== Assignment ==
Leave out the pictures and restate exactly, and only, the lines from the one that contains "Проектирование радиопередающих устройств СВЧ" through the final line of the material below.

== Supplied information ==
.....
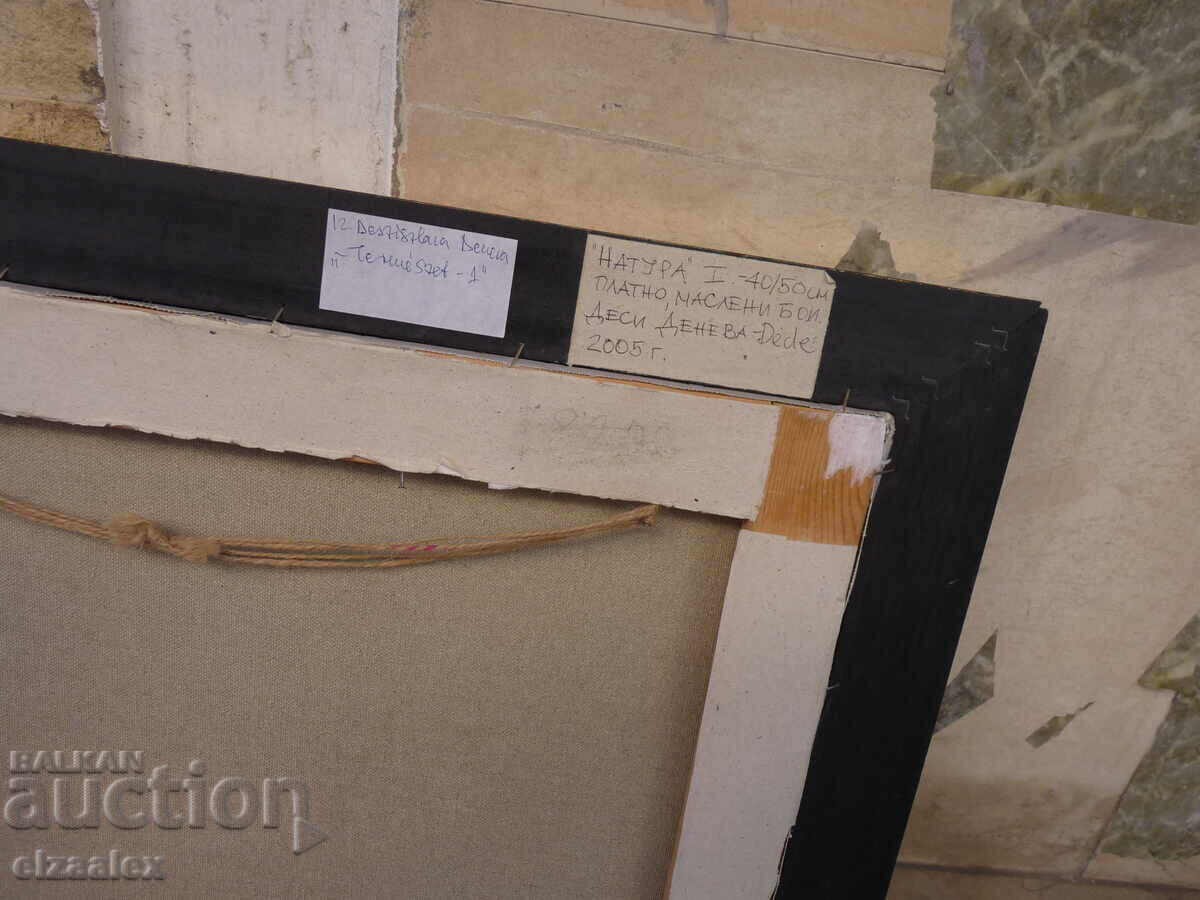 Картина Деси Денева 59 / 49 см - 7 Картина Деси Денева 59 / 49 см - 7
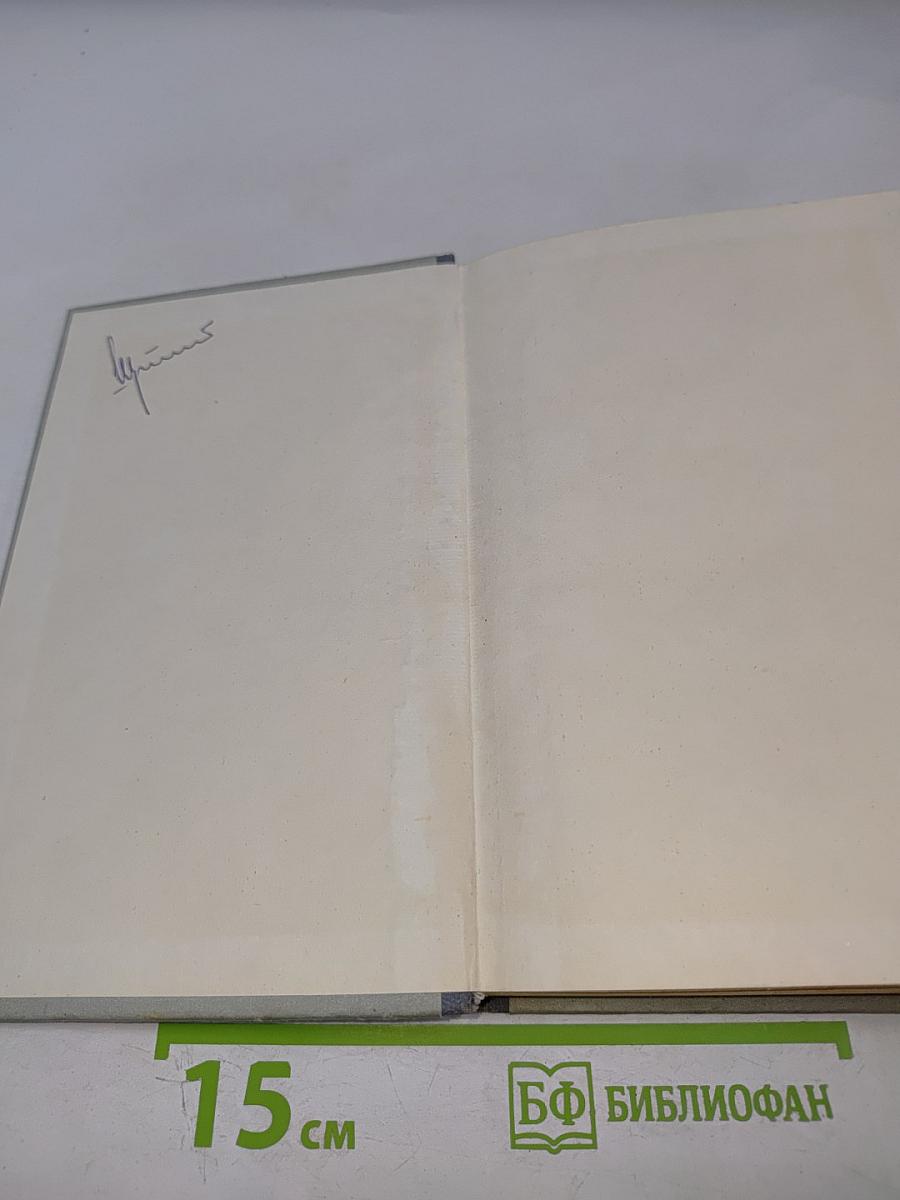 Проектирование радиопередающих устройств СВЧ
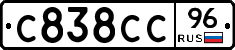 С838СС96 -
.....
== Task result ==
 Проектирование радиопередающих устройств СВЧ
 С838СС96 -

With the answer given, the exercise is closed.